# Actor-Critic
there are different types of policy-based reinforcement-learning
![equations](images/RL_equations.png)
[PyTorchA2CPolicy](https://gitlab.tu-berlin.de/OKS/plato/blob/actorcritic/DialogueManagement/DialoguePolicy/ReinforcementLearning/pytorch_a2c_policy.py#L78) implements the generalized A2C-Algorithm; A2C = Advantage Actor Critic  
The NeuralNetwork is trained with a Loss that is comprised of three parts: 
1. policy-loss (for actor)
2. entropy-regularization
3. value-loss (for critic)

it is trained in a __off-policy__ manner. Means, that losses are calculated with experience (dialogues) which where generated by an __outdate/old__ policy, this experience is __off-policy__. Hopefully not too far __off__. 
The __value-loss__ is the mean-squared-error of the __state-value__-estimate in step __k__ and the __overall-value__ in step __k+1__. In code this overall-value is called __returnn__. It is actually itself just an estimation and calculated by the state-value + advantage in step __k+1__

In [None]:
def calc_loss(exps: Rollout, agent: AbstractA2CAgent, p: A2CParams):
    dist, value = agent.calc_distr_value(exps.env_steps.observation)
    entropy = dist.entropy().mean()
    policy_loss = -(dist.log_prob(**exps.agent_steps.actions) * exps.advantages).mean()
    value_loss = (value - exps.returnn).pow(2).mean()
    loss = policy_loss - p.entropy_coef * entropy + p.value_loss_coef * value_loss
    return loss

# Neural Network Architecture
The Neural Network consists of: 
    1. encoder
    2. actor-head
    3. critic-head
    

In [None]:
class PolicyA2CAgent(AbstractA2CAgent):
    def __init__(
        self,
        vocab_size,
        num_intents,
        num_slots,
        encode_dim=64,
        embed_dim=32,
        padding_idx=None,
    ) -> None:
        super().__init__()
        self.encoder = StateEncoder(vocab_size, encode_dim, embed_dim, padding_idx)
        self.actor = Actor(encode_dim, num_intents, num_slots)
        self.critic = nn.Linear(encode_dim, 1)

    def forward(self, x):
        features_pooled = self.encoder(x)
        intent_probs, slots_sigms = self.actor(features_pooled)
        value = self.critic(features_pooled)
        return (intent_probs, slots_sigms), value

    def calc_value(self, x):
        value = self.critic(self.encoder(x))
        return value

    def calc_distr_value(self, state):
        (intent_probs, slot_sigms), value = self.forward(state)
        distr = CommonDistribution(intent_probs, slot_sigms)
        return distr, value

    def calc_distr(self, state):
        distr, value = self.calc_distr_value(state)
        return distr

    def step(self, x) -> AgentStep:
        (intent_probs, slot_sigms), value = self.forward(x)
        distr = CommonDistribution(intent_probs, slot_sigms)
        intent, slots = distr.sample()
        v_values = value.data
        return AgentStep((intent.item(), slots.numpy()), v_values)


# generalized Advantage Calculation
### Advantage
"how much better is a certain action towards the average". in other words: "What is the surplus of chosing this action in comparance to all other actions". The average value  _V_ of a state is an action indepentend estimation by the critic. 
![advantage](images/advantage.jpg)

### "generalization" 
![generalized](images/generalized_a2c_equation.jpg)
in practice this sum does not go to infinity but some steps (e.g. 5) "into the future". The generalization is a discounted sum over future advantages.
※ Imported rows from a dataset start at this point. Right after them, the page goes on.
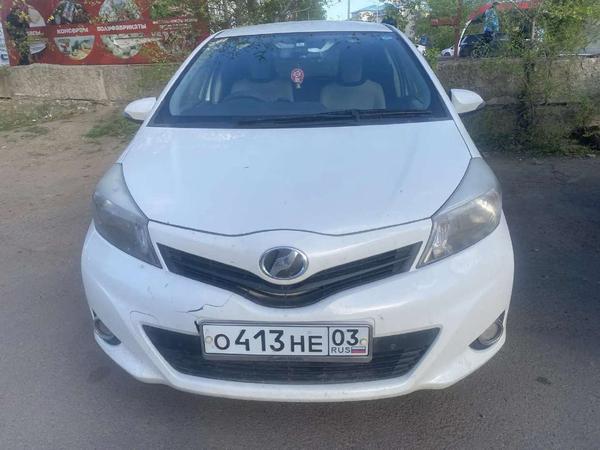 Toyota Vitz 2013, фото 3
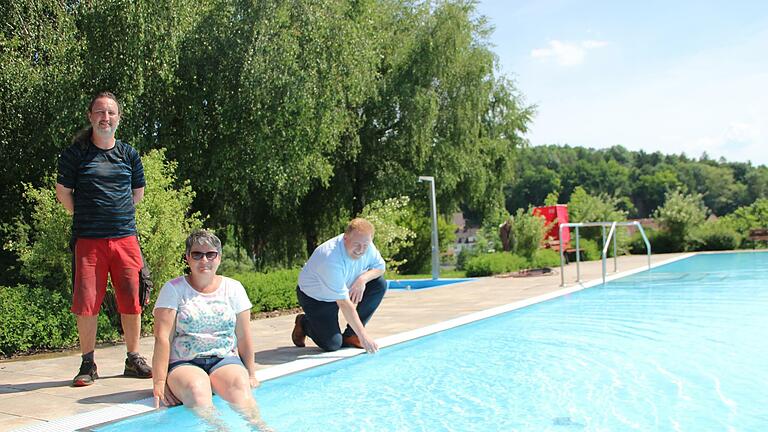 Angenehme Wassertemperaturen hat das Maßbacher Freibad. Auf die Badesaison freuen sich Hausmeister Steffen Haas(stehend), Fördervereinsvorsitzende Barbara Keller und Bürgermeister Matthias Klement. Foto: Heike Beudert       -  Angenehme Wassertemperaturen hat das Maßbacher Freibad. Auf die Badesaison freuen sich Hausmeister Steffen Haas(stehend), Fördervereinsvorsitzende Barbara Keller und Bürgermeister Matthias Klement. Foto: Heike Beudert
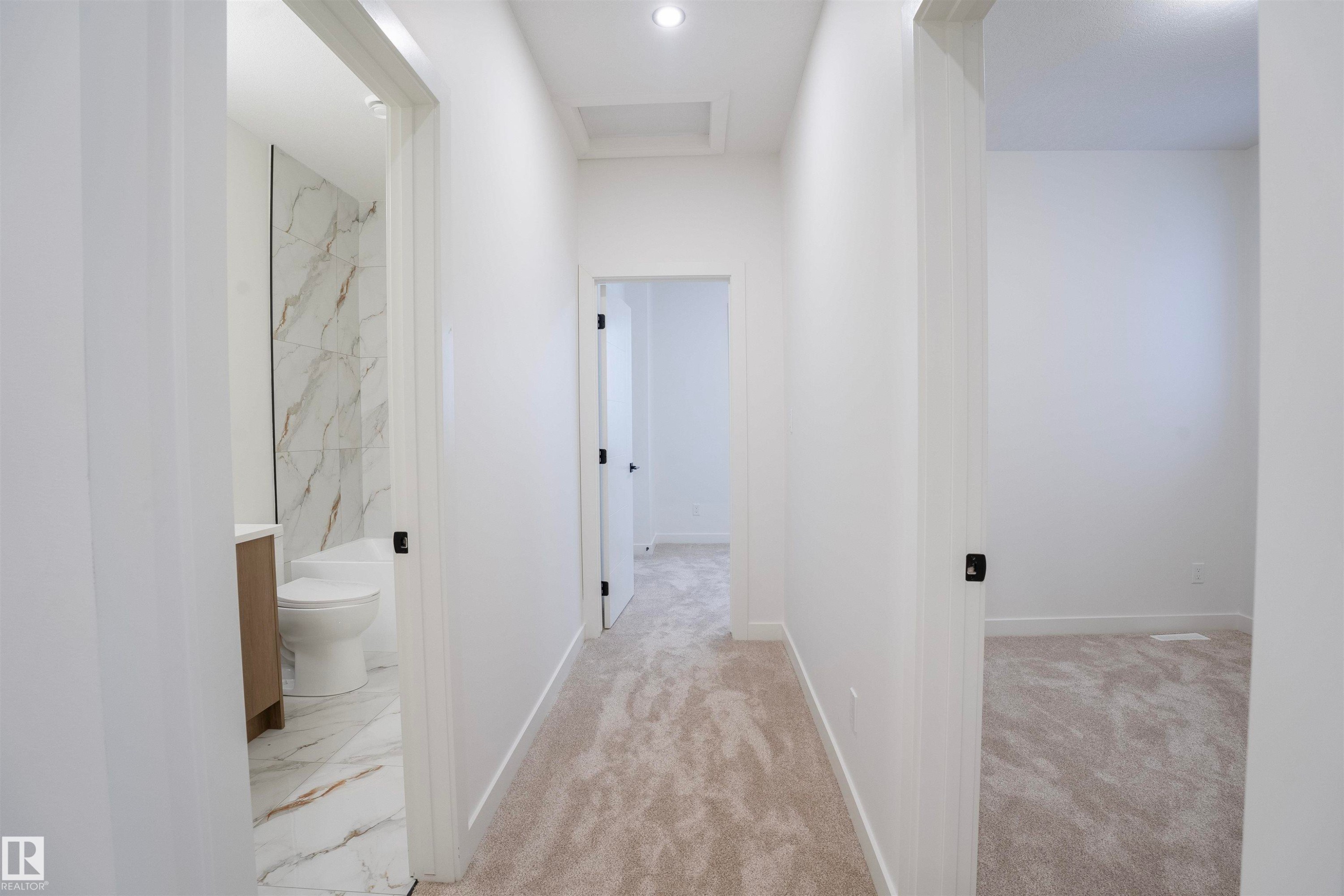 5211 104A Street Nw, Edmonton, AB - Indoor Photo Showing Other Room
In the code these are called __bellman_delta__

details see [berkeley-lecture-notes](http://rail.eecs.berkeley.edu/deeprlcourse-fa17/f17docs/lecture_5_actor_critic_pdf#page=24)


In [None]:
def generalized_advantage_estimation(
    rewards, values, dones, num_rollout_steps, discount, gae_lambda
):
    assert values.shape[0] == 1 + num_rollout_steps
    advantage_buffer = torch.zeros(rewards.shape[0] - 1, rewards.shape[1])
    next_advantage = 0
    for i in reversed(range(num_rollout_steps)):
        mask = torch.tensor((1 - dones[i + 1]), dtype=torch.float32)
        bellman_delta = rewards[i + 1] + discount * values[i + 1] * mask - values[i]
        advantage_buffer[i] = (
            bellman_delta + discount * gae_lambda * next_advantage * mask
        )
        next_advantage = advantage_buffer[i]
    return advantage_buffer


in the [process_dialogue_to_turns](https://gitlab.tu-berlin.de/OKS/plato/blob/actorcritic/DialogueManagement/DialoguePolicy/ReinforcementLearning/pytorch_a2c_policy.py#L148) method the turns with acts that have not been created by the policy have to be filtered out. 
the __discounted_returns__ are currently not used, actually I wanted to substitude them with the rewards. But seems also to work like this. 
     

In [None]:
 
    def process_dialogue_to_turns(self, dialogue: List[Dict]) -> List[DialogTurn]:
        assert dialogue[0]["action"][0].intent == "welcomemsg"
        assert dialogue[-1]["action"][0].intent == "bye"
        dialogue[-2]["reward"] = dialogue[-1]["reward"]
        dialogue = dialogue[1:-1]
        rewards = [t["reward"] for t in dialogue]
        returns = calc_discounted_returns(rewards, self.gamma)
        turns = [
            DialogTurn(
                d["action"][0],
                tokenize(self.text_field, d["state"]),
                d["reward"],
                d["state"].value,
            )
            for d, ret in zip(dialogue, returns)
            if hasattr(d["state"], "value")
        ]
        return turns


# State-Encoding
1. convert state to json
2. tokenize and map to sequence of integers

In [None]:
def state_to_json(state:SlotFillingDialogueState)->str:
    temp = deepcopy(state)
    del temp.context
    del temp.system_requestable_slot_entropies
    del temp.db_result
    del temp.dialogStateUuid
    del temp.user_goal
    del temp.slots
    del temp.item_in_focus
    temp.db_matches_ratio = int(round(temp.db_matches_ratio, 2) * 100)
    temp.slots_filled = [s for s,v in temp.slots_filled.items() if v is not None]
    if temp.last_sys_acts is not None:
        temp.last_sys_acts = action_to_string(temp.last_sys_acts, system=True)
        temp.user_acts = action_to_string(temp.user_acts, system=False)

    d = todict(temp)
    assert d is not None
    # d['item_in_focus'] = [(k,d['item_in_focus'] is not None and d['item_in_focus'].get(k,None) is not None) for k in self.domain.requestable_slots]
    s = json.dumps(d)
    # state_enc = int(hashlib.sha1(s.encode('utf-8')).hexdigest(), 32)
    return s

def tokenize(text_field, state: SlotFillingDialogueState):
    state_string = state_to_json(state)
    example = Example.fromlist([state_string], [("dialog_state", text_field)])
    tokens = [t for t in example.dialog_state if t in text_field.vocab.stoi]
    return tokens